QDLA Ransomware is another addition to the prolific STOP/Djvu Ransomware family. Like other associated variants, it mostly spreads via unreliable downloads, phishing emails, social engineering scams, and questionable advertising content. QDLA Ransomware’s operators are looking to extort victims for a quick payoff by locking their files and then demanding a ransom payment in exchange for file decryption. Most file types can be affected, including photos, music, documents, and videos.

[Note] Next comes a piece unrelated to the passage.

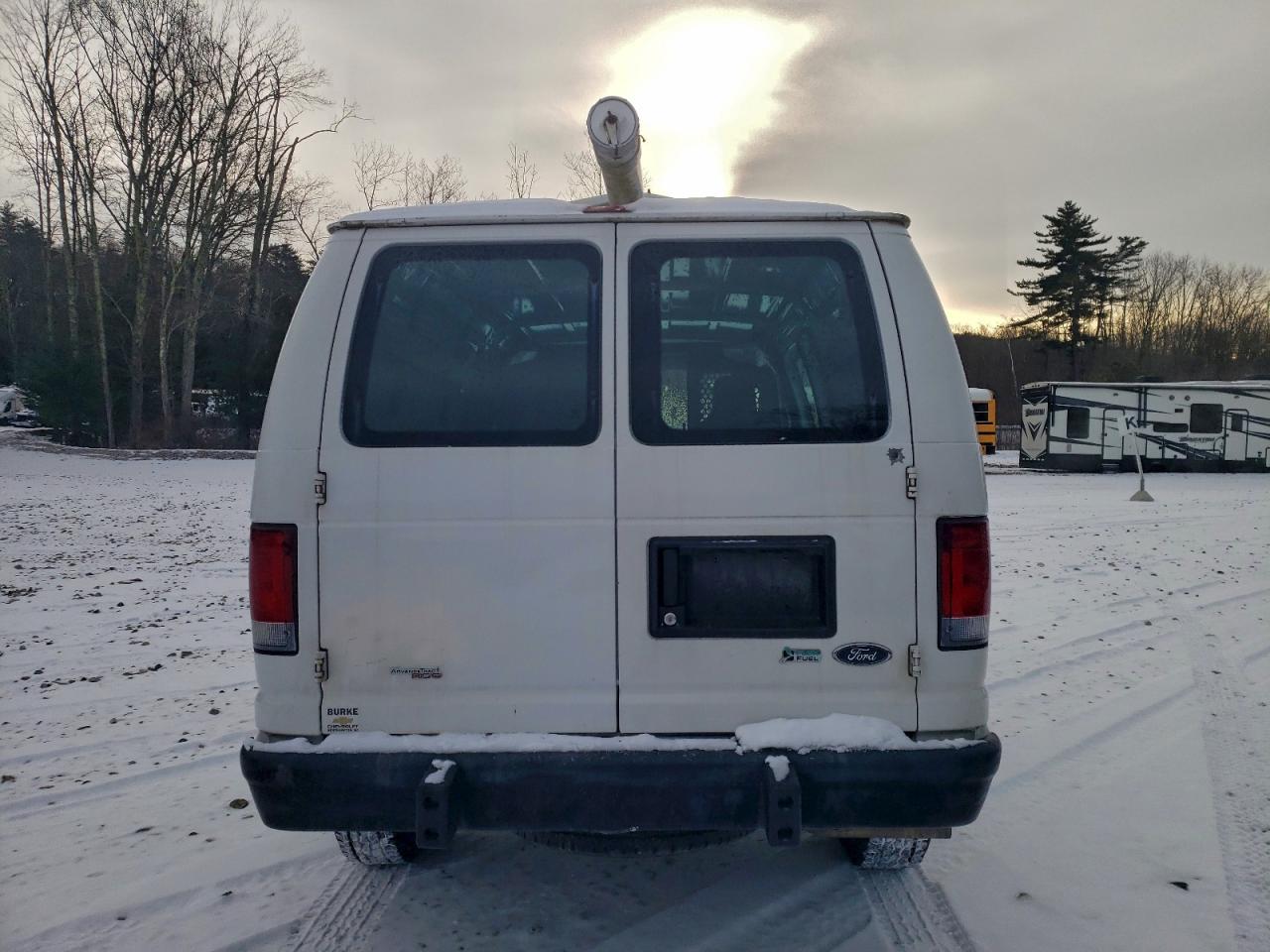 Ford E-250 E250 Van Image 7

After infiltrating a victim’s computer, QDLA Ransomware appends affected files with the ‘.QDLA’ suffix and drops a ransom note on the user’s desktop in the form of the ‘_readme.txt‘ document. The ransom note, which asks the victim to pay $980 for file decryption, also provides the contact information to communicate and ask hackers any questions. The victims are asked to establish communication via these emails:helpteam@mail.ch and helpmanager@airmail.cc.

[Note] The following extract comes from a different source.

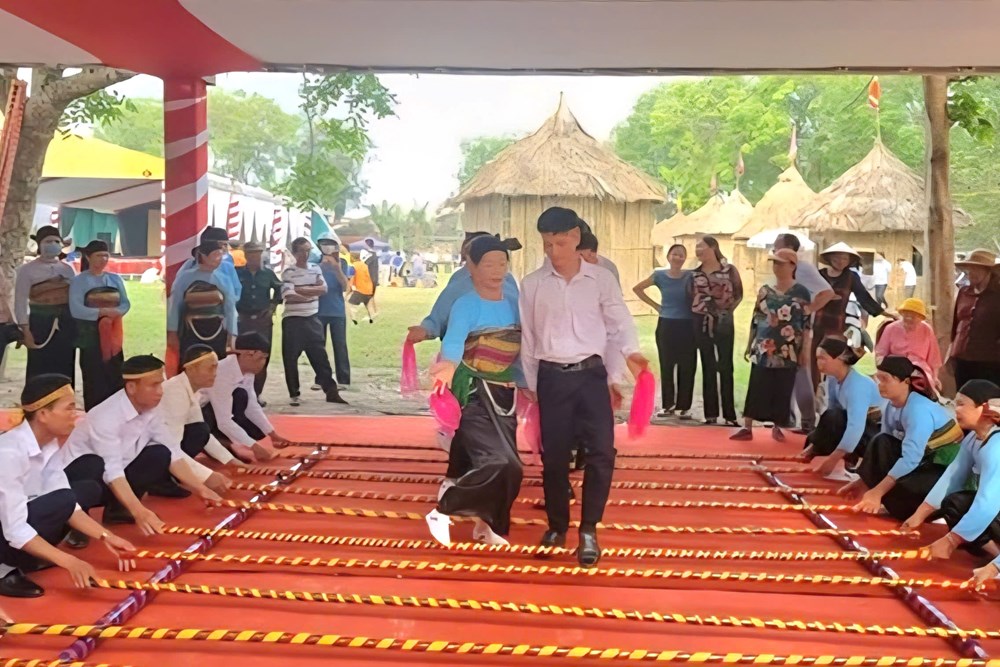 Bài 2 - Hồi sinh lễ hội, giữ lửa hồn làng - ảnh 1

Victims who respond to the hackers within 72 hours are offered a 50% discount on the ransom. Additionally, should victims contact the criminals through the emails, they will be told to send one file to the attackers to have it decrypted for free. The hackers do this to prove they can unlock the victim’s files upon paying the ransom. Although cooperating with the cybercriminals behind QDLA Ransomware may feel like the easiest way to solve your issue, you should keep in mind that they will not help you for free, and paying does not guarantee that you will see your files decrypted or even receive any decryption tools.
Dealing with the QDLA Ransomware Infection
If you get infected with QDLA Ransomware, you should scan for the related files using a reputable anti-malware tool. Additionally, to mitigate possible damages in the event of a future attack, you should keep backup copies of your valuable data in an external or a cloud drive.